**WHAT THE EXERCISE ASKS:**
All lines from the one containing "horizontal lines stripes, 8" through the end of the material below are to be printed exactly, both ends included, minus pictures.

**DATASET CONTENT:**
# # # #

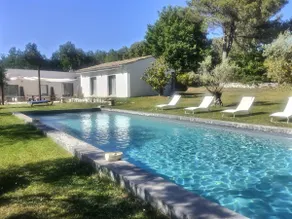 Villa des Oliviers, 8/10P, AC, heated pool - Image 2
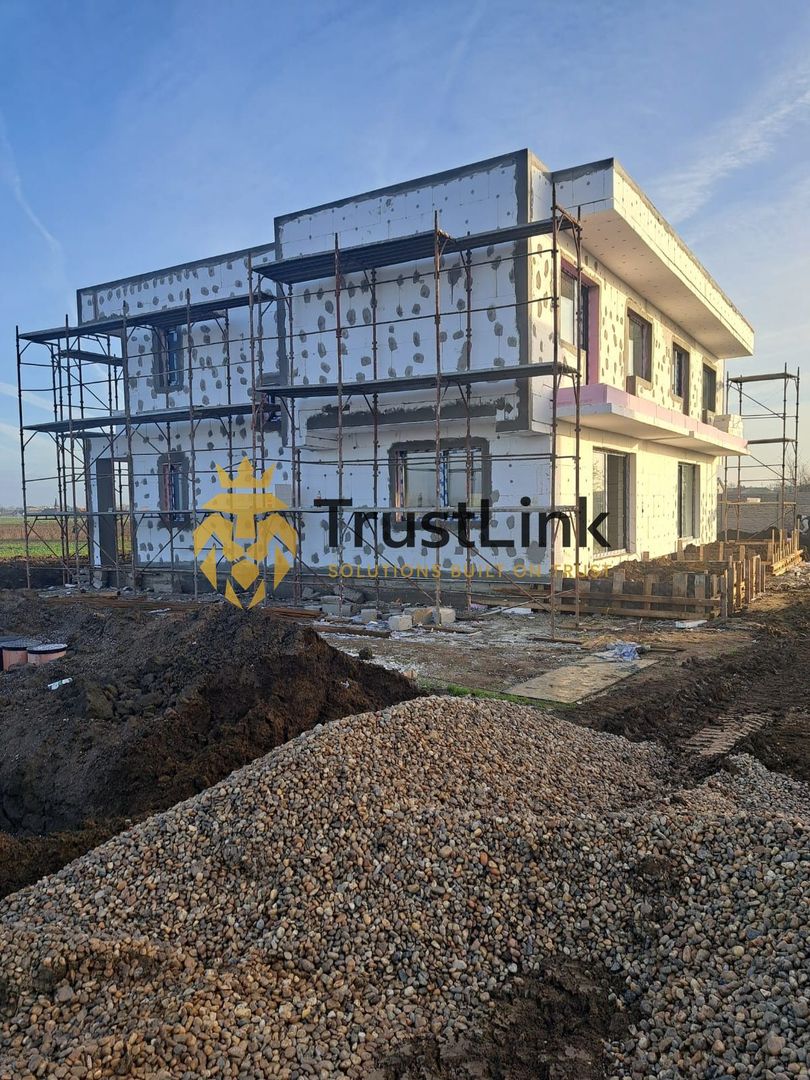 Case duplex premium cu grădină, comision 0%, la 1 Decembrie Ilfov - Poză 1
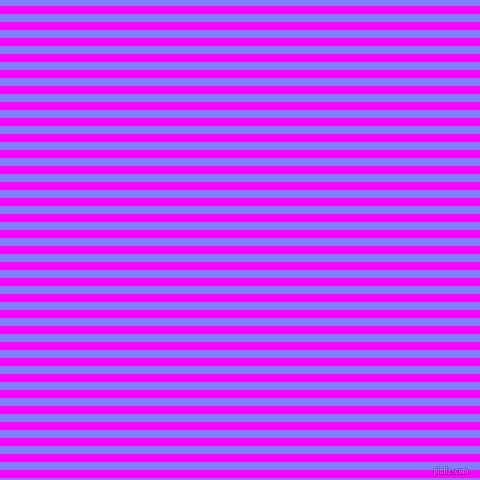 horizontal lines stripes, 8 pixel line width, 8 pixel line spacing, Magenta and Light Slate Blue horizontal lines and stripes seamless tileable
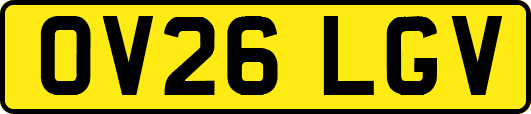 OV26LGV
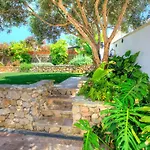 Mas Tranquila - A Stylish With Pool 150 M From The 빌라 콘일데라프론테라
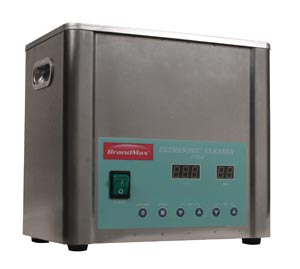 Brandmax Tri-clean  Ultrasonic Cleaners U-5lh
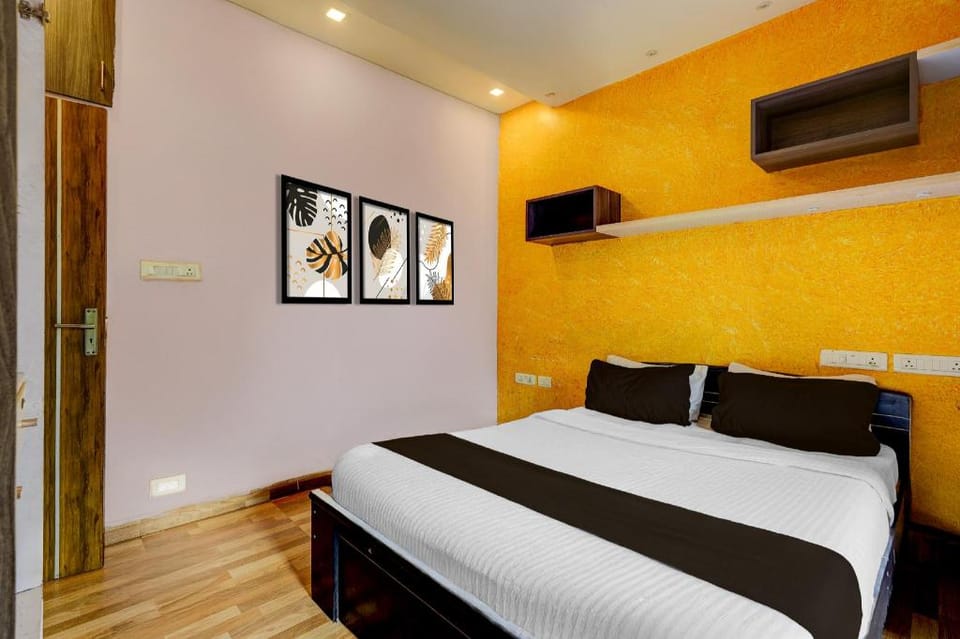 Super Hotel O Ashok Nagar Metro Station Chennai Formerly G Cloud Apartment in Chennai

# # # #

**SOLUTION:**
 horizontal lines stripes, 8 pixel line width, 8 pixel line spacing, Magenta and Light Slate Blue horizontal lines and stripes seamless tileable
 OV26LGV
 Mas Tranquila - A Stylish With Pool 150 M From The 빌라 콘일데라프론테라
 Brandmax Tri-clean  Ultrasonic Cleaners U-5lh
 Super Hotel O Ashok Nagar Metro Station Chennai Formerly G Cloud Apartment in Chennai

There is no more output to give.